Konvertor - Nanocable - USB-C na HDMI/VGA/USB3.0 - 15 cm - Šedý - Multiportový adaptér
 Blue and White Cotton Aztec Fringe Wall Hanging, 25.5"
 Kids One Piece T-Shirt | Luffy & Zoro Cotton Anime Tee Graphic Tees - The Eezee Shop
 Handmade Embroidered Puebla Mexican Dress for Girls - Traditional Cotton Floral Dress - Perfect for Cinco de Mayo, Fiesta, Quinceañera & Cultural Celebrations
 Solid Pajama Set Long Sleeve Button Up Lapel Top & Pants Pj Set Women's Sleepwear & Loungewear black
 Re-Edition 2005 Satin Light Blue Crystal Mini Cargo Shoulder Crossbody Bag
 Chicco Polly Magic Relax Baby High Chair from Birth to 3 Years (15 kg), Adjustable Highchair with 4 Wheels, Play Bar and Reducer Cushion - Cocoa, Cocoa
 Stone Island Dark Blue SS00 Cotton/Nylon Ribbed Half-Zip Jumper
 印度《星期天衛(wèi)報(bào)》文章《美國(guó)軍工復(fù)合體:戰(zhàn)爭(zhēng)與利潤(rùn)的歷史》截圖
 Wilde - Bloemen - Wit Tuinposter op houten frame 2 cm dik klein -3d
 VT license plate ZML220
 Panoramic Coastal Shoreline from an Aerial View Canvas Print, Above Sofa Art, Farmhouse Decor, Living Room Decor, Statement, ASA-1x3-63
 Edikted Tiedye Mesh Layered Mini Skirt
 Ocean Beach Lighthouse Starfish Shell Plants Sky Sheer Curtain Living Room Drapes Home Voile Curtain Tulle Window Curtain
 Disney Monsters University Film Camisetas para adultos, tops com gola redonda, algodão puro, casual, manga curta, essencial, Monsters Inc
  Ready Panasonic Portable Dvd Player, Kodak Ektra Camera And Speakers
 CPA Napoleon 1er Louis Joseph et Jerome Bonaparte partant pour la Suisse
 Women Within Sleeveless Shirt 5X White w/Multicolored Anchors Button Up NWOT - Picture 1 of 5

--

• **Directions for this task**: Where a line of the records holds the word "from", copy that line.

• **Solved exercise**:
 Chicco Polly Magic Relax Baby High Chair from Birth to 3 Years (15 kg), Adjustable Highchair with 4 Wheels, Play Bar and Reducer Cushion - Cocoa, Cocoa
 Panoramic Coastal Shoreline from an Aerial View Canvas Print, Above Sofa Art, Farmhouse Decor, Living Room Decor, Statement, ASA-1x3-63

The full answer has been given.